Your answer must repeat all of the entries word for word, without any images.

----- THE INPUT -----

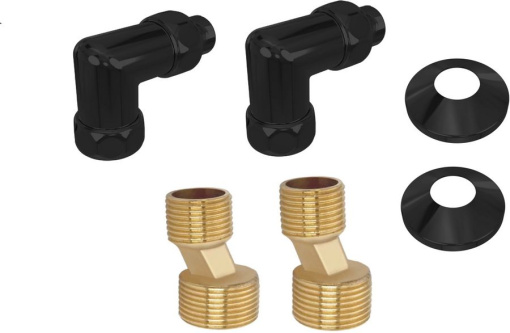 Комплект фитингов для нижнего подключения водяных полотенцесушителей типа лесенка Aquatek ( уголок со сгоном 3/4х1/2 - 2 шт + эксцентрик 3/4х1/2 - 2 шт + отражатель 3/4 - 2 шт), цвет черный муар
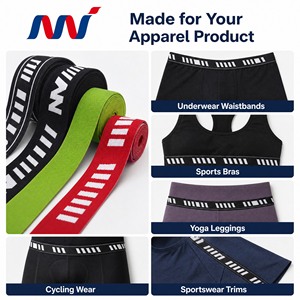 Ceintures élastiques personnalisées GRS avec logo, en nylon et élasthanne écologiques, imprimées jacquard, confortables, pour sous-vêtements - Product Image 1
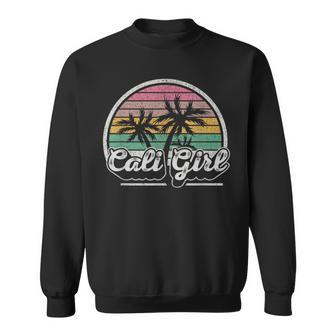 Cali Girl California Retro California Palm Trees Summer Sweatshirt - Seseable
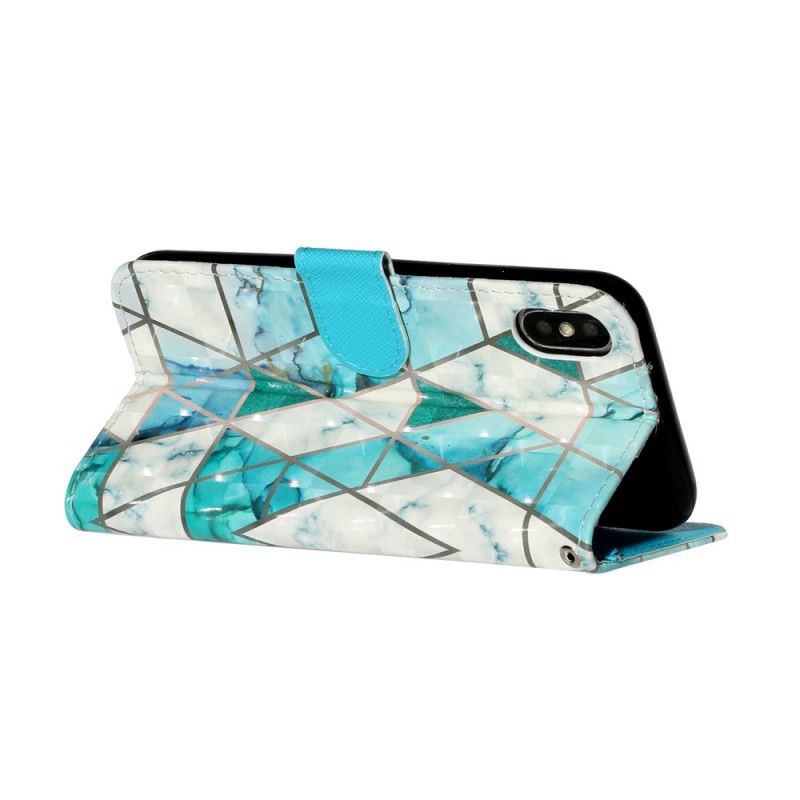 Leren Hoesje iPhone XS Max Marmeren Lichtspots Met Strip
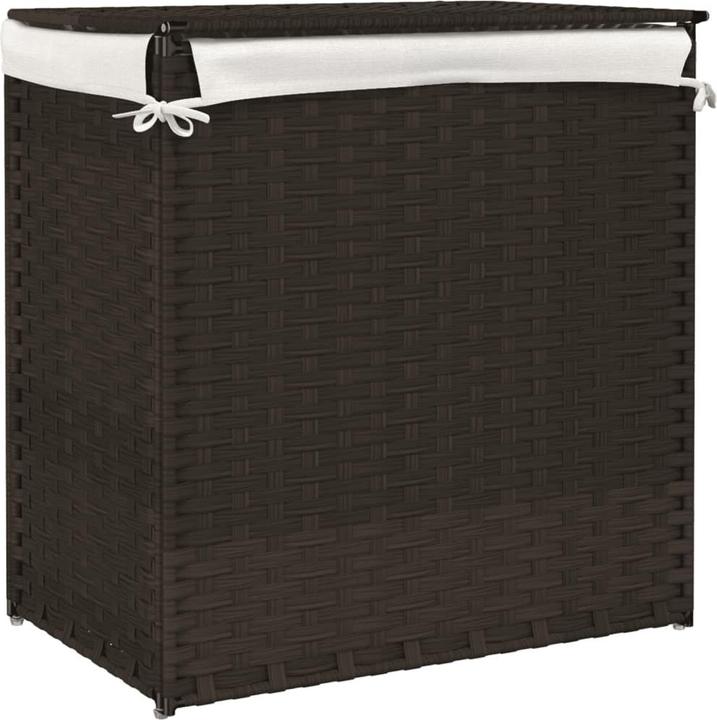 Produktbild VidaXL Wäschekorb mit 2 Fächern Dunkelbraun 53x35x57 cm Poly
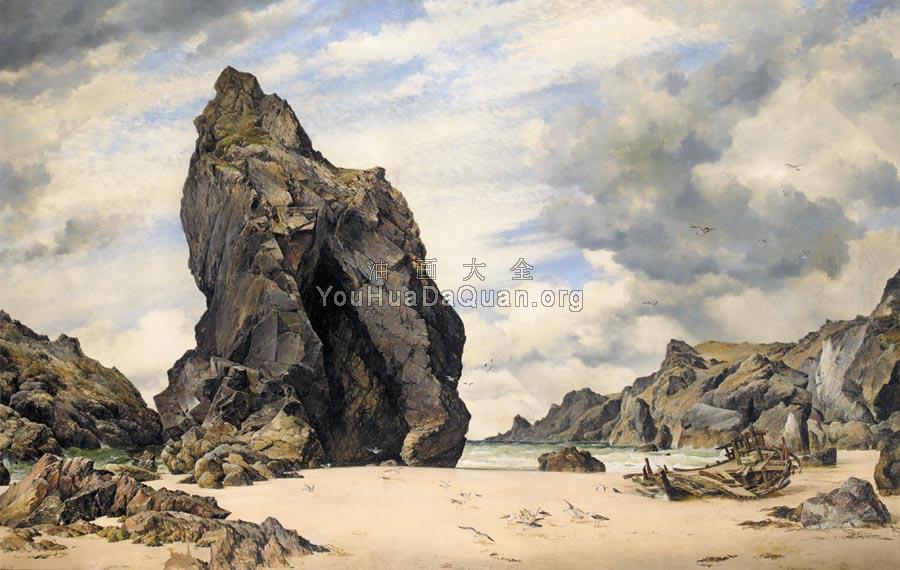 Steeple Rock Kynance Cove Lizard Cornwall Low Water - 爱德华·威廉·库克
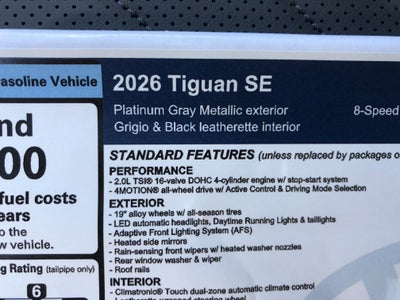 2026 Volkswagen Tiguan SE w/panoramic sunroof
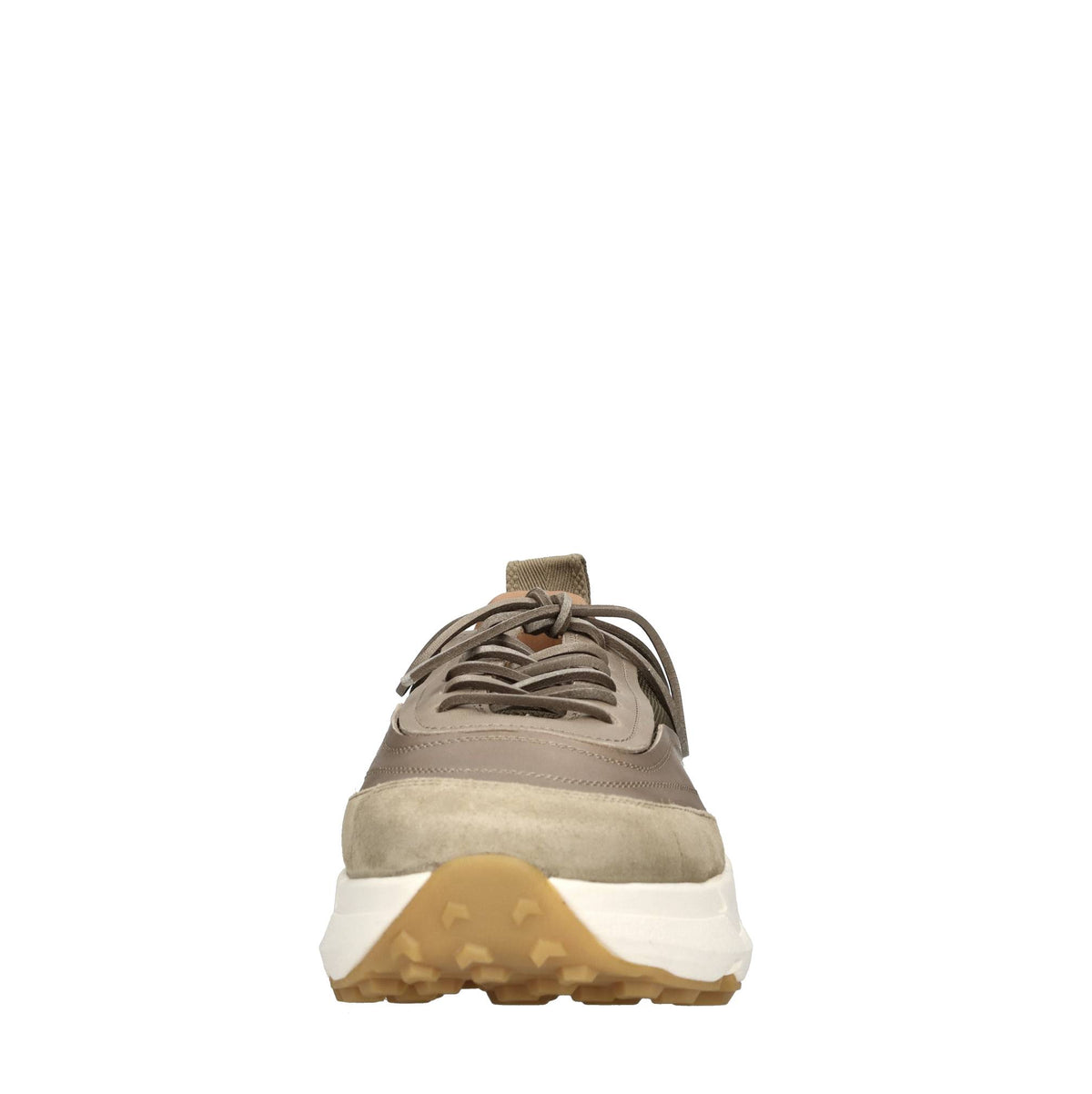 Sneakers in pelle e tessuto 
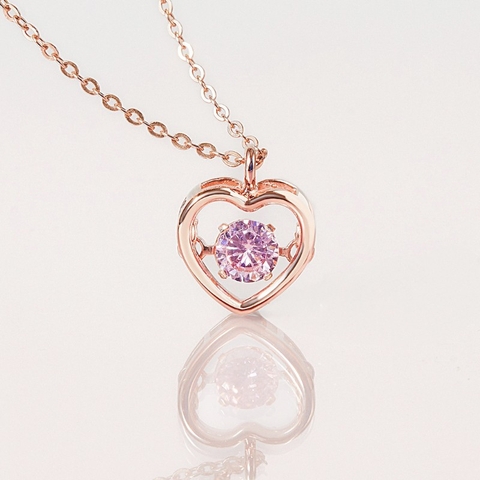 Dây Chuyền Bạc 925 Trái Tim Đá Nhảy Bling Heart - VYN62
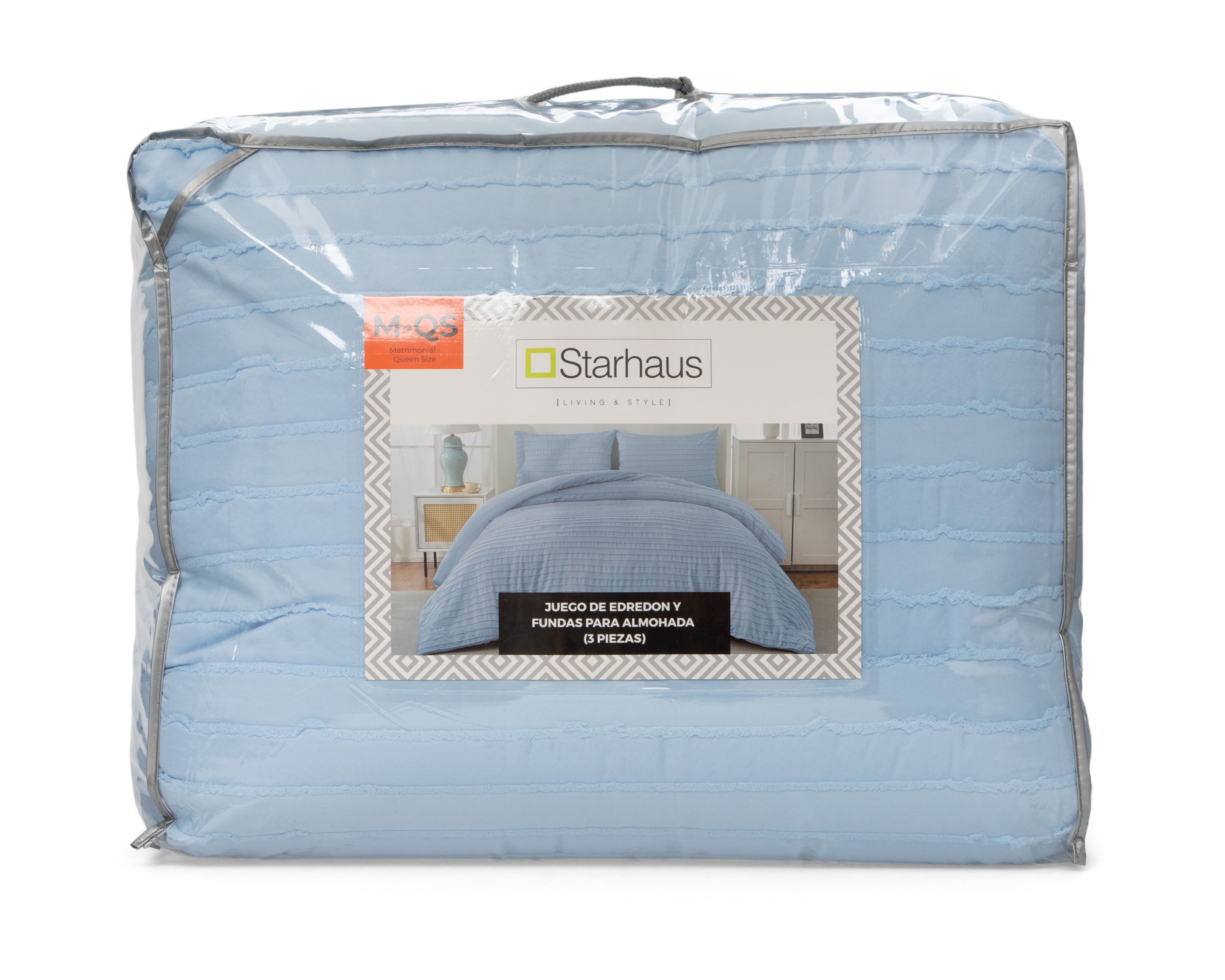 Foto 5 pulgar | Foto 4 | Edredón Matrimonial/Queen Size con Fundas para Almohada Starhaus Bleu Azul 3 Piezas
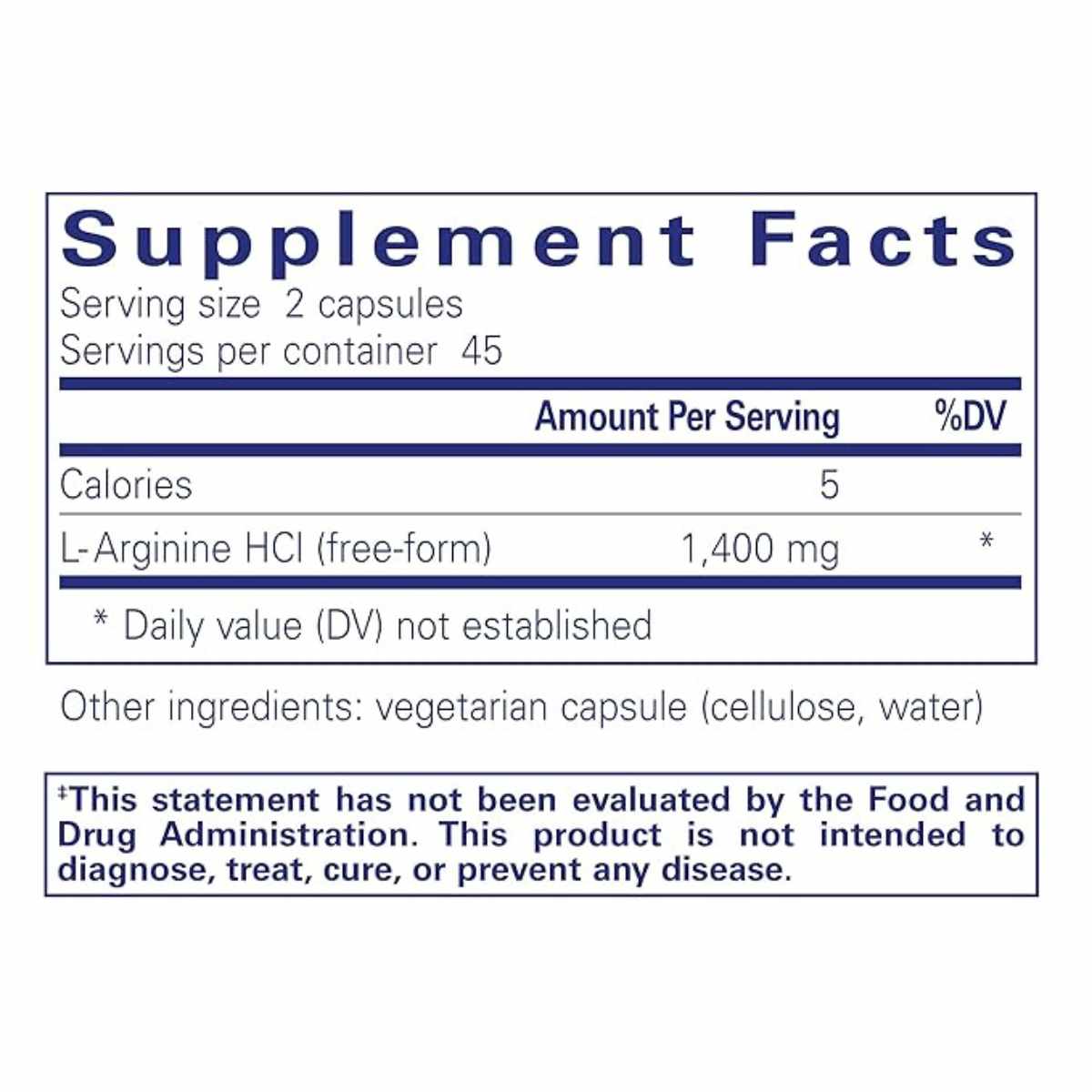Pure Encapsulations L-Arginina - 90 Cápsulas - Tabla Nutricional - Haz Tu Pedido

-----

### ANSWER FOR THE TASK
 Комплект фитингов для нижнего подключения водяных полотенцесушителей типа лесенка Aquatek ( уголок со сгоном 3/4х1/2 - 2 шт + эксцентрик 3/4х1/2 - 2 шт + отражатель 3/4 - 2 шт), цвет черный муар
 Ceintures élastiques personnalisées GRS avec logo, en nylon et élasthanne écologiques, imprimées jacquard, confortables, pour sous-vêtements - Product Image 1
 Cali Girl California Retro California Palm Trees Summer Sweatshirt - Seseable
 Leren Hoesje iPhone XS Max Marmeren Lichtspots Met Strip
 Produktbild VidaXL Wäschekorb mit 2 Fächern Dunkelbraun 53x35x57 cm Poly
 Steeple Rock Kynance Cove Lizard Cornwall Low Water - 爱德华·威廉·库克
 2026 Volkswagen Tiguan SE w/panoramic sunroof
 Sneakers in pelle e tessuto 
 Dây Chuyền Bạc 925 Trái Tim Đá Nhảy Bling Heart - VYN62
 Foto 5 pulgar | Foto 4 | Edredón Matrimonial/Queen Size con Fundas para Almohada Starhaus Bleu Azul 3 Piezas
Pure Encapsulations L-Arginina - 90 Cápsulas - Tabla Nutricional - Haz Tu Pedido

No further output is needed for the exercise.